9- Les versions, grecques, et d'après elles la Vulgate, et les traductions modernes faites sur la Vulgate, renferment dans le livre des prophéties de Daniel quelques fragments qui se rattachent à la vie de ce prophète. Ce sont :
1° le cantique des trois jeunes Hébreux dans la fournaise (Vulgate, 3.24-90) ;
2° l'histoire de Susanne (Vulgate, 13) ;
3° l'histoire de l'idole Bel et du Dragon. Celle-ci forme dans la Vulgate le quatorzième chapitre de Daniel.

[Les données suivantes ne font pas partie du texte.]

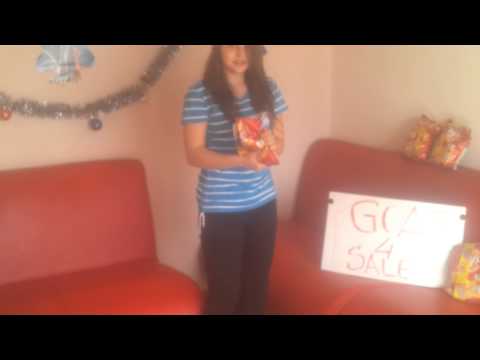 Reclama Engleza (Commercials)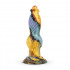 Dildo con Spinta 26 x 6,5 cm Telecomandato - 4
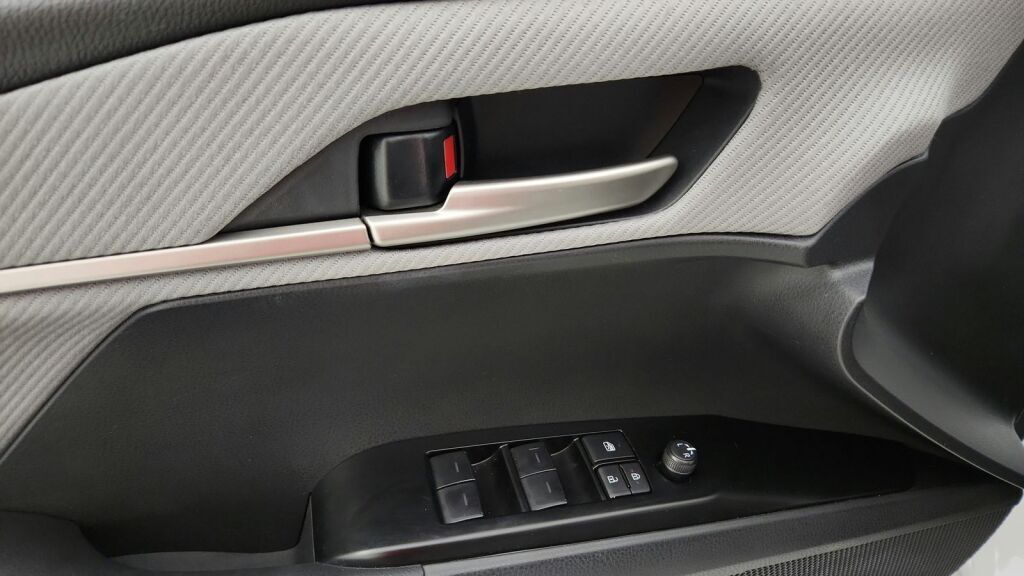 2025 Toyota Camry SE Laurel MD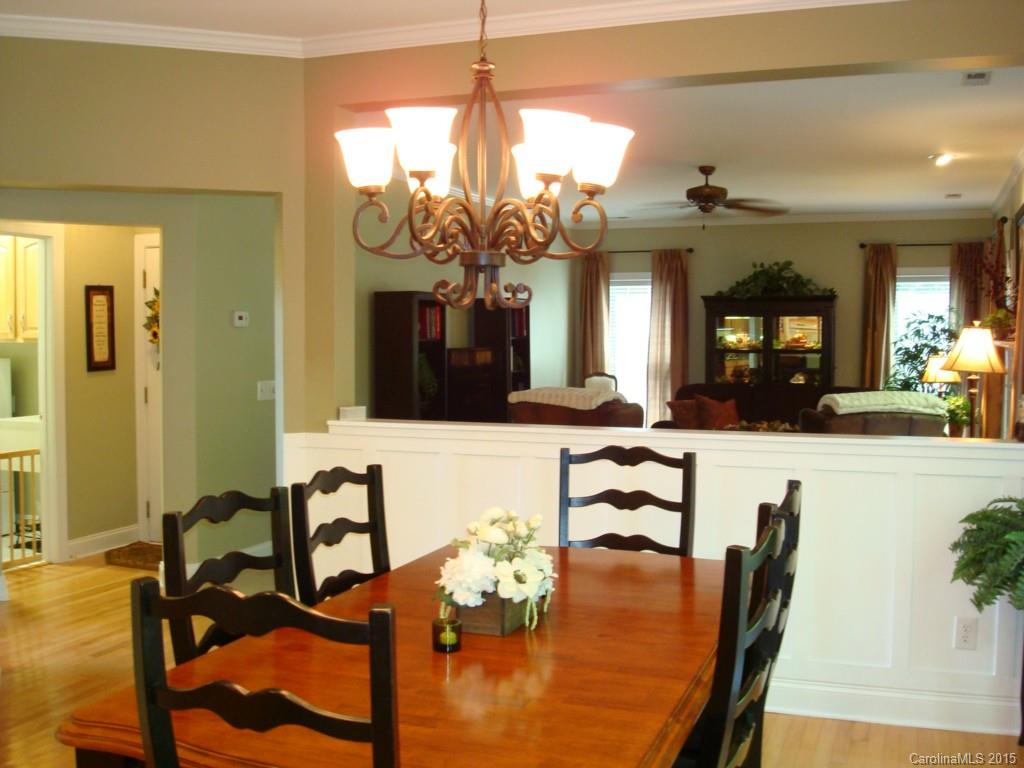 7102 Weddington Brook Drive Matthews NC 28104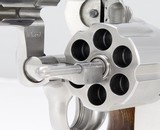 Colt Anaconda .44 Magnum RevolverSTAINLESS - PORTED (1998) - 16 of 24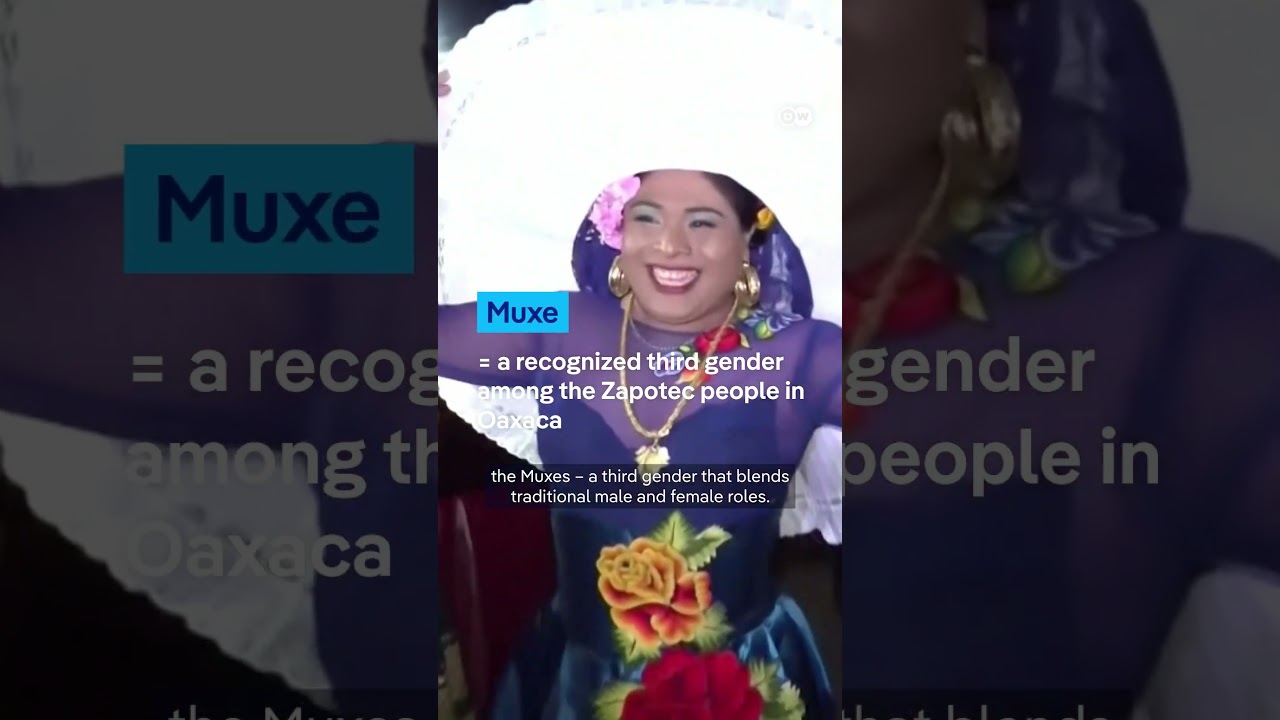 Do you think gender diversity is just a trend? Think again! | DW News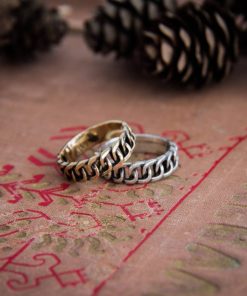 Alternative view of Chain Ring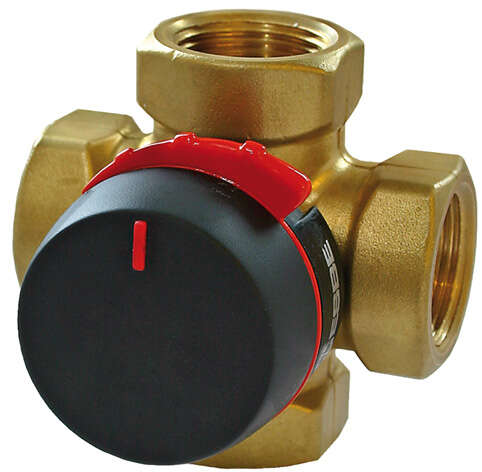 Image du produit VANNES 4 VOIES VRG141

Ces additions ne méritent pas plus de confiance que celles du livre d'Esther. D'après le texte hébreu, Daniel est jeté dans la fosse aux lions, parce qu'il a agi contrairement aux ordres du roi (6. 11 - 16) ; d'après les additions, parce qu'il a détruit Bel et le Dragon, et mis à mort des prêtres des idoles (Vulgate. 14. 27 - 29). D'après le texte hébreu, il fut une nuit dans la fosse (6. 18 - 23) ; d'après les additions, sept jours (Vulgate, 14. 39).
10- La prière de Manassé, pénitent ajoutée aux Chroniques (2 Chroniques 33 v. 13, 18) dans quelques manuscrits grecs, semble être l'ouvrage d'un pharisien. Il n'en a été fait mention que dans le quatrième siècle de l'ère chrétienne.

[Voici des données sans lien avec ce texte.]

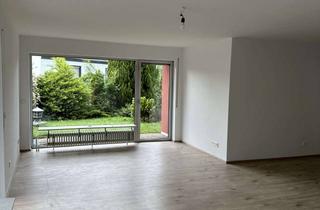 Haus mieten in Westendstraße, 63811 Stockstadt, Freistehendes Reihenendhaus in ruhiger Lage in Stockstadt am Main zu vermieten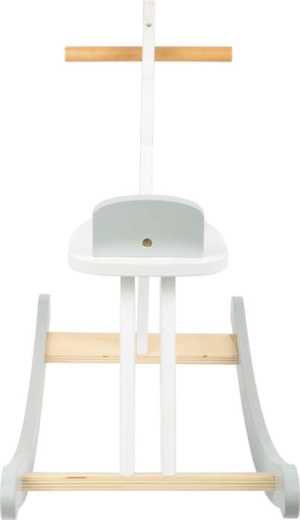Safe and comfortable seating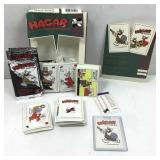 Non sports card lot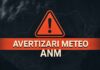 3 Avertizari Meteo ULTIMA ORA ANM Nowcasting Oficiale Emise Romania 23 Decembrie 2025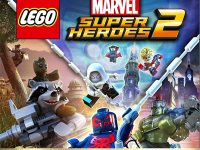 LEGO Marvel Super Heroes 2 Deluxe Edition EU Steam CD Key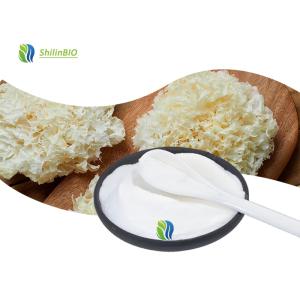 Buy cheap Tremella Fuciformis Extract polysaccharide product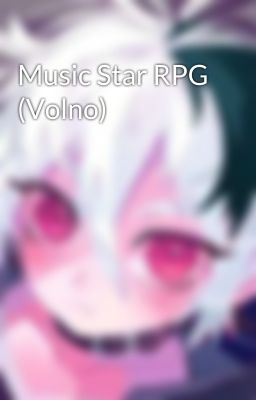 Music Star RPG (Volno) 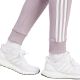 10. Spodnie adidas Essentials 3-Stripes Fleece W IR5403
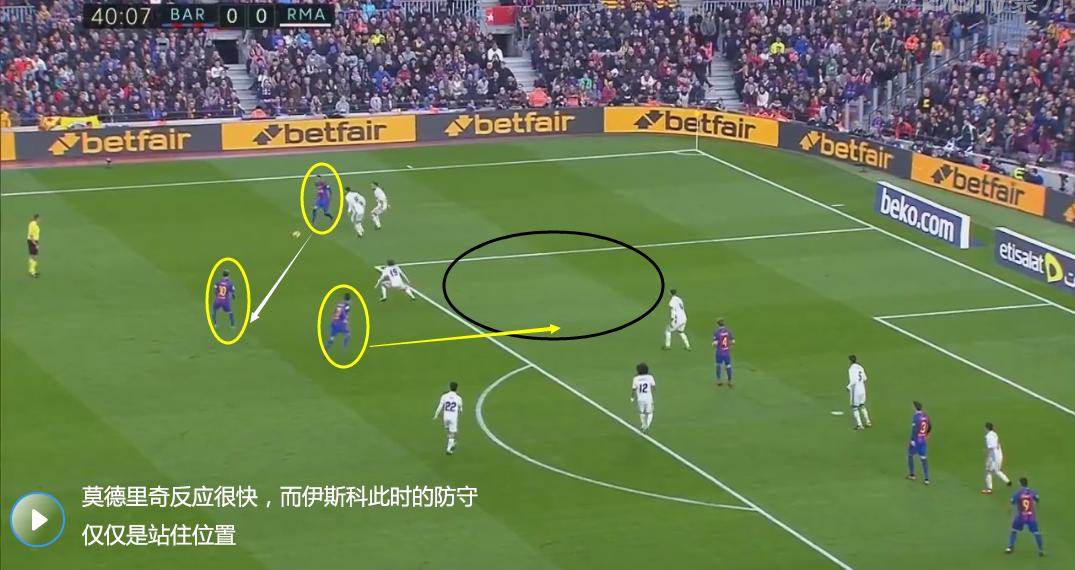 国家德比的压迫感阵容,国家德比只需要4脚传球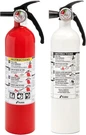 Kidde Kitchen Fire Extinguishers For Home & Office Variety Pack, Red White. Fixed Price $76.13.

11- Jadis on a regardé comme canoniques tantôt un, tantôt deux ou trois. Ou même quatre livres des Maccabées. Le quatrième est perdu. Les trois autres sont de mérites très divers, et d'auteurs bien différents.

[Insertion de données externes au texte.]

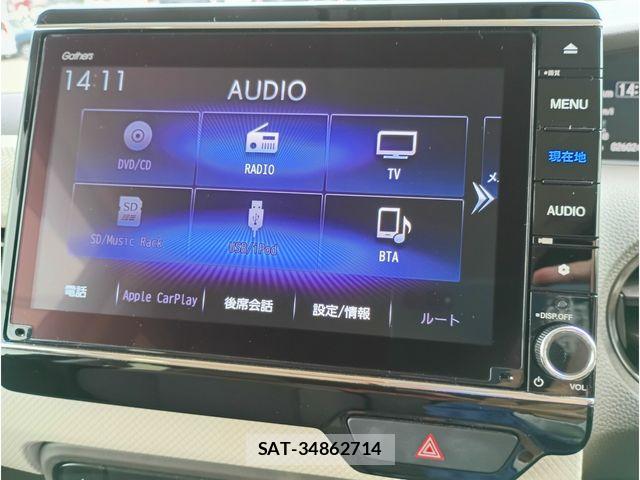 Honda N BOX 2021-02 6752565-9
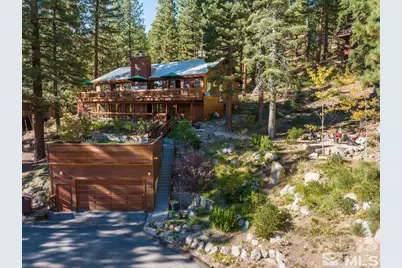 572 Rockrose Court, Incline Village, NV 89451 - Photo 7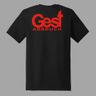 GEST ABBRUCH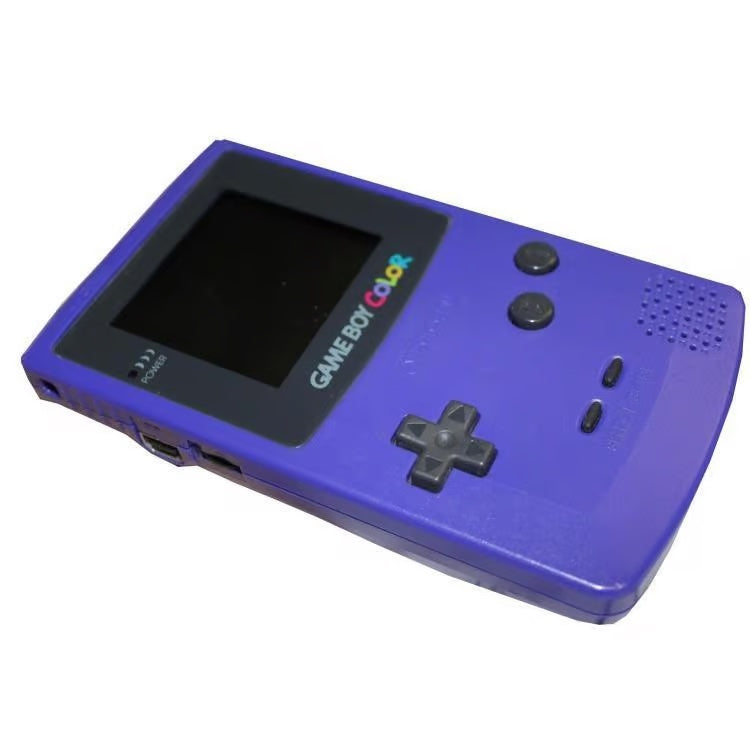 Nintendo Game Boy Color
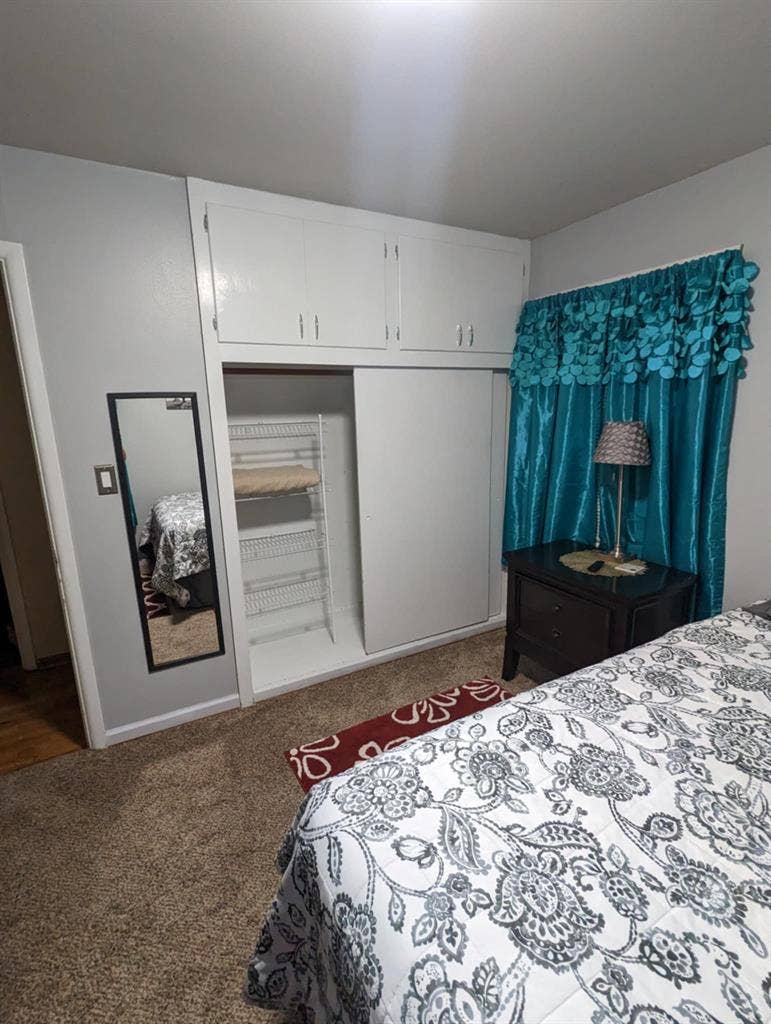 Room available!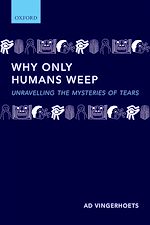 Télécharger le livre :  Why Only Humans Weep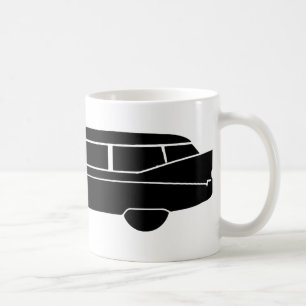 Hearse Kaffemugg
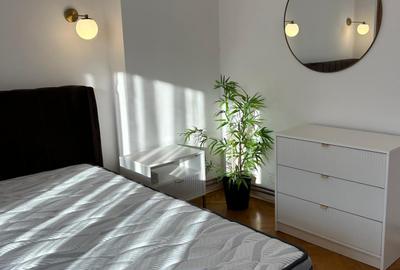 Apartament 4 camere Lux+Centrala de bloc langa metrou Universitate - 12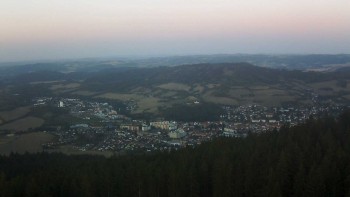 Miasto Sušice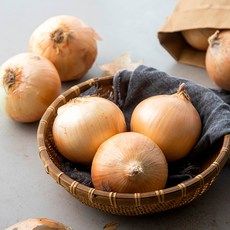 상품 이미지: 국내산 양파, 3kg (대), 1개
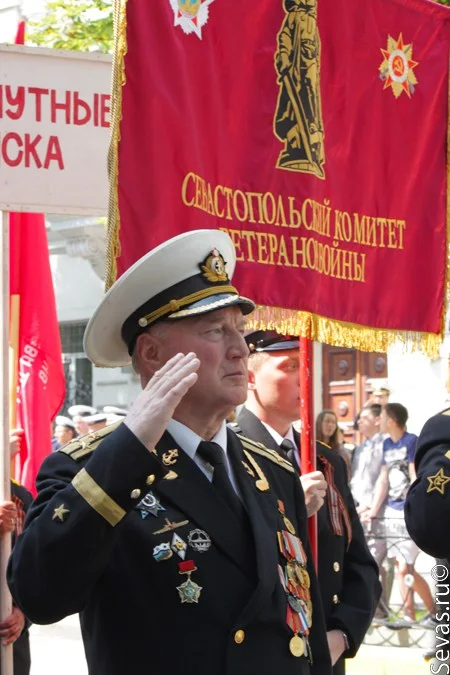 праздники Севастополь, День Победы Севастополь, 9 мая Севастополь, парад Севастополь, Парад Победителей Севастополь, новости Севастополя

1° Le premier est une histoire des persécutions souffertes par les Juifs, de l'an 175 avant Jésus-Christ à l'an 135. Cette histoire a été écrite après l'événement en hébreu, par un Juif connaissant très bien son pays, et très mal les nations étrangères. Il a quelque valeur historique.
2° Le second raconte les mêmes événements et, de plus, la profanation du temple par, Séleucus Philopator. C'est, du moins en grande partie, l'ouvrage d'un auteur inconnu, sûrement postérieur à Jésus-Christ. Cet écrivain trahit une extrême ignorance de l'histoire profanera. Il contredit le premier livre des Maccabées ; il contredit également des lettres officielles, peut-être authentiques, placées en tête de son ouvrage, mais probablement par main étrangère. Il a beaucoup moins de valeur historique que le premier livre.

Ces livres abondent tous deux en inexactitudes et en contradictions, aussi bien que les autres apocryphes. On fait régner, Darius sur la Grèce (1 Macc. 1. 1, texte grec), ce qui est contraire à l'histoire, Alexandre partage de son vivant son royaume à généraux (1 Macc. .1. 6), ce qui est aussi contraire à l'histoire. On prétend à tort qu'Antiochus fut fait prisonnier par les Romains (Macc. 8. 7 - 8). Il y a un ramassis d'assertions fausses (1 Macc. 8. 1- 16). D'autres portions sont tout à fait fausses (1 Macc. 10. 1 ; 12. 7). Enfin, ces livres se contredisent entre eux, comme on peut le voir en comparant divers passages (1 Macc. 6. 17. avec 2 10. 11 ; 1 Macc. 7, avec 2 Macc. 14. 15 ; 1 Macc. 6..8 — 13, avec 2 Macc.10. 11 ; 1 Macc. 7, avec 2 Macc. 14. 15 ; 1 Macc. 6. 8 — 13, avec 2 Macc. 1. 13 et suivants)., Ils font mourir le même roi de trois manières différentes (1 Macc. 6. 16 ; 2 Macc. 1. 16 ; 9. 28). Le suicide est loué (2 Macc. 14. 37 — 46), en opposition à la Parole de Dieu, qui dit : " Tu ne tueras point ". (Exode 20. 13)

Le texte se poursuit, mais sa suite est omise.